粉末タイプの「トップ」は、遊び盛りのお子さんがいらっしゃるようなもっとも洗濯回数の多い世代に向けた商品です。洗浄力がある、目に見える汚れがよく落ちる洗剤だというのが最大の訴求ポイントです。かつてトップの代名詞であった酵素パワーも、洗浄力の裏打ちとしてのキーワードといえます。
例えば「部屋干しトップ」を2001年に発売する時、「トップ」の名を付けることで、お客様の商品理解がまだ不十分でも「部屋で干してもにおわないだけでなく、洗浄力もあるのだろう」と思っていただけました。我々の先輩たちの努力のおかげであり、このブランドイメージを守っていくことは大きな使命です。
それに加えて、トップは50年以上続く商品でありながら、最先端のライフスタイルにフィットした商品であるという点も、ブランドを形成する重要な要素です。例えば最近では、「一度洗いでしっかり落ちる」ことをパッケージにも書いて訴求しています。
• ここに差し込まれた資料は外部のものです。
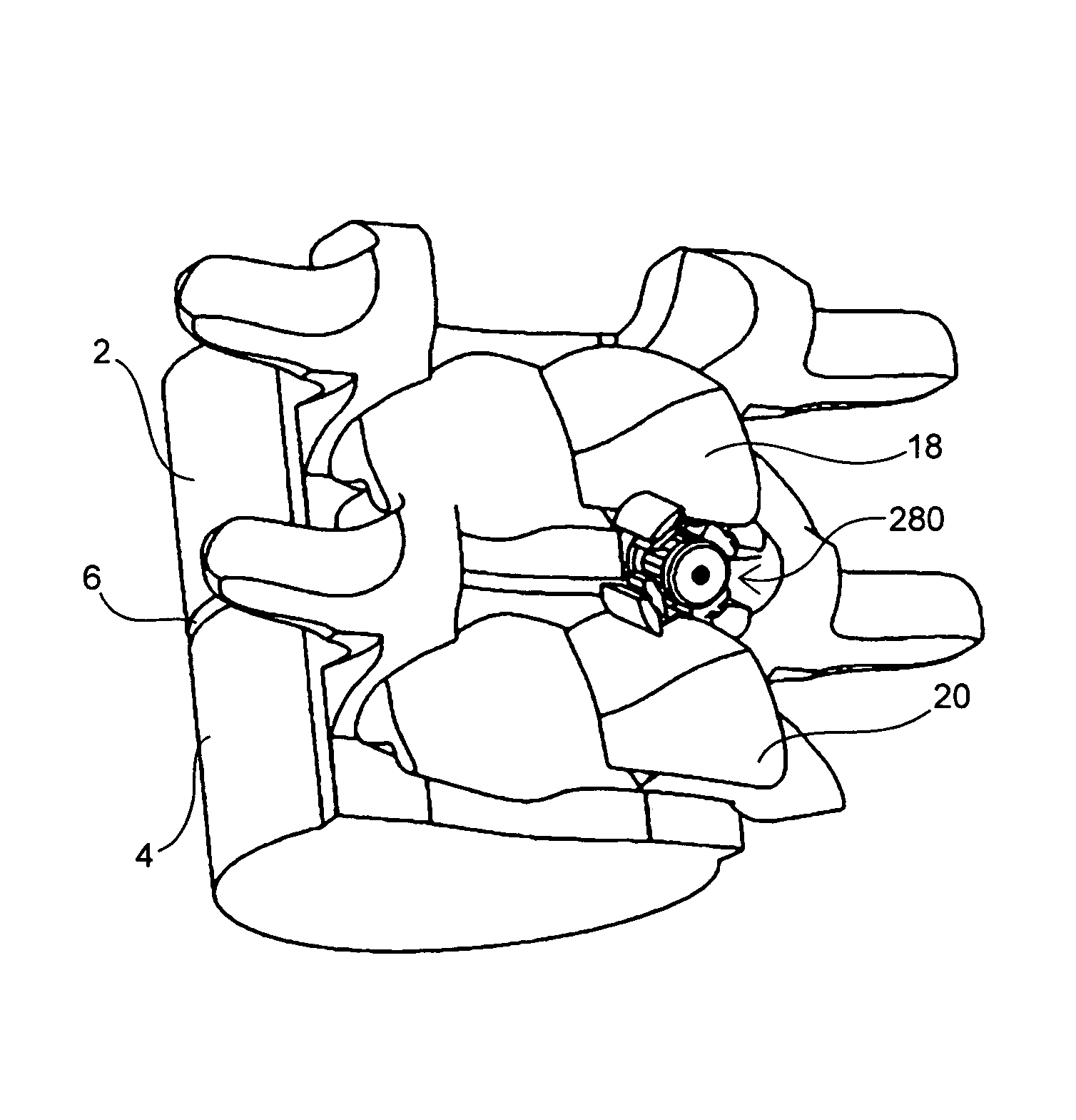 Systems and methods for posterior dynamic stabilization of the spine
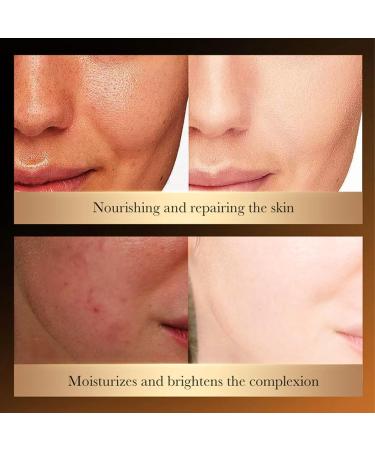 Rice Raw Pulp Face Serum Brightening Serum Face Moisturizer For Women Hydrating Serum Glow Serum For Glow Beauty Skin Barrier Repair Hydrate & Plump Skin With Rice Water Korean Skincare - Buy Online on GoSupps.com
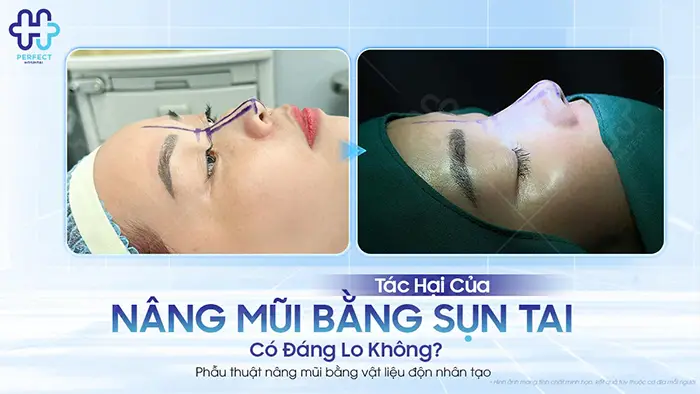 Tác Hại Của Nâng Mũi Bằng Sụn Tai: Có Đáng Lo Không?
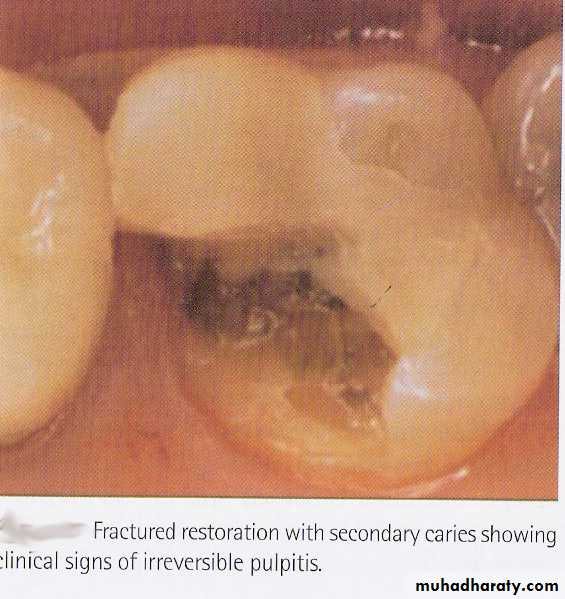 endodontic emergencies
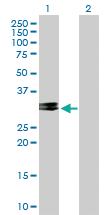 Anti-CHMP2A Mouse Polyclonal Antibody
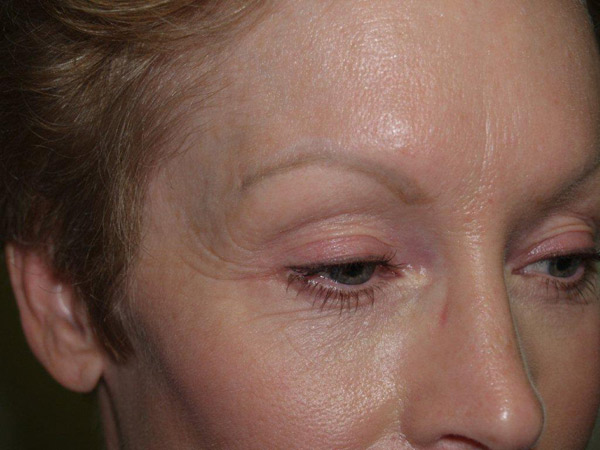 eyebrow and eyelashes - patient 103 - before 2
実は近年増えている節水タイプの洗濯機は、一回落とした汚れがまた付着しまう場合があり、現在の「トップ」は汚れの再付着を防ぐ成分を新たに配合しています。
顕在的データと潜在的な消費者意識から市場を探る
――ブランドマネジャーとしての仕事の内容をご紹介ください。
商品のコンセプト作りから、市場やお客様の動向の調査、パッケージデザイン、お客様とのコミュニケーションまで、すべての商品戦略に対して責任をもちます。また洗濯用洗剤は、花王、P&G、ライオンの3社で9割以上を競い合う市場です。自分たちがやりたいことよりも、競合を意識した戦略をとるべき場合もあり、他社の動向も注視する必要があります。
また関連部署は10カ所以上にまたがっているため、定期的に一堂に会して現状を話し合う場をセッティングしています。特に私が気をつけているのは、研究部門との情報の共有です。今の市場状況や課題点を知らせず、要望だけ伝えてもこちらの真意は伝わりません。幸いライオンの場合、本社も研究開発本部も私のいる東京オフィスから近く、メールに頼らず、できる限り足を運んで直接誰とでも話すようにしています。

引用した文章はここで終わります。